Improving your SQL skills

I used to be almost exclusively a database developer, writing complex queries and stored procedures in Oracle and MySQL. Of late I've been doing more and more web based work, HTML, JavaScript, CSS, PHP and PERL, this means of course that I'm doing less and less SQL especially the more complex stuff that I would have been doing in the past.

Personally I've been using SQL long enough that while it might not flow from my fingers as it did previously with a bit of thinking it comes back fairly quickly. I tend to think of it like fitness, if you go to the gym regularly your fitness levels improve quickly, slack off and they drop back down almost as fast.

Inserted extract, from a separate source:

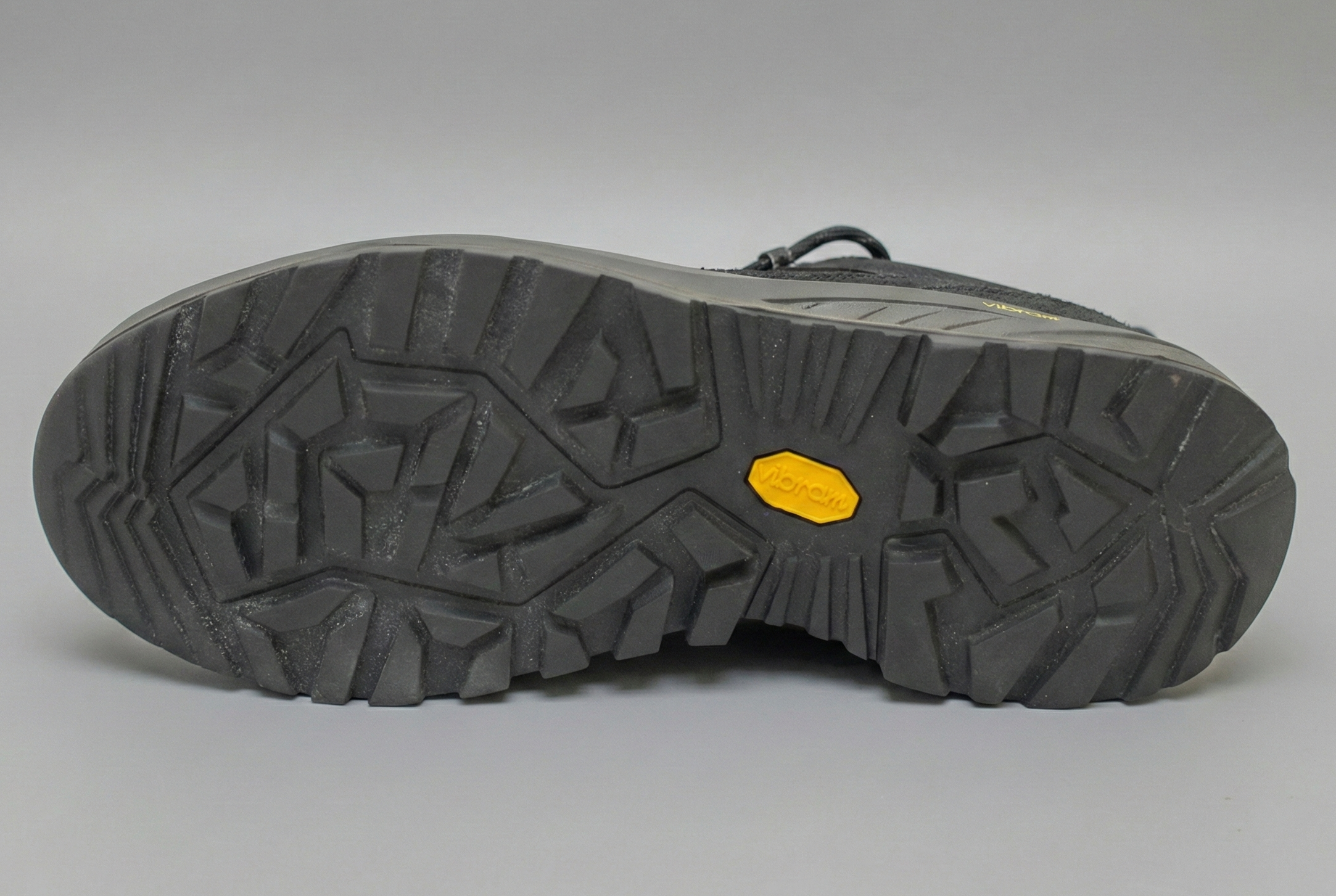 DF Mountain low-cut hiking shoes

To keep my SQL skills "fit" I visit another sort of gym, the MySQL Forums, to be exact the Newbie forum. In that forum there are plenty of people offering you the chance of a mental work out at all skill levels, because of it's very nature there are all sorts of questions which often need a clever solution. While it’s a pain to most people the lack of support for sub-queries in MySQL 4.0 is great for a work out as it often makes you think a little harder about how to tackle a problem you might normally throw a sub-query at.

If you ever become too fit for the Newbie forum there are plenty of others, just like a gym has different equipment to work different areas of your body, the MySQL Forum has different sections to raise you SQL fitness levels further, the General and Performance being good ones to put mass on those SQL muscles.

The great thing about these questions is that during your normal working year you might never get to use some of the features needed to answer them, there is nothing worse that your boss dumping a set of reports requirements on your desk and having no idea how to even start constructing the SQL. But if you have been working out at the SQL gym you’re likely to have come across a few methods to get started.

So why not do what the government health departments keep telling us and spent 30 minutes a day in the gym.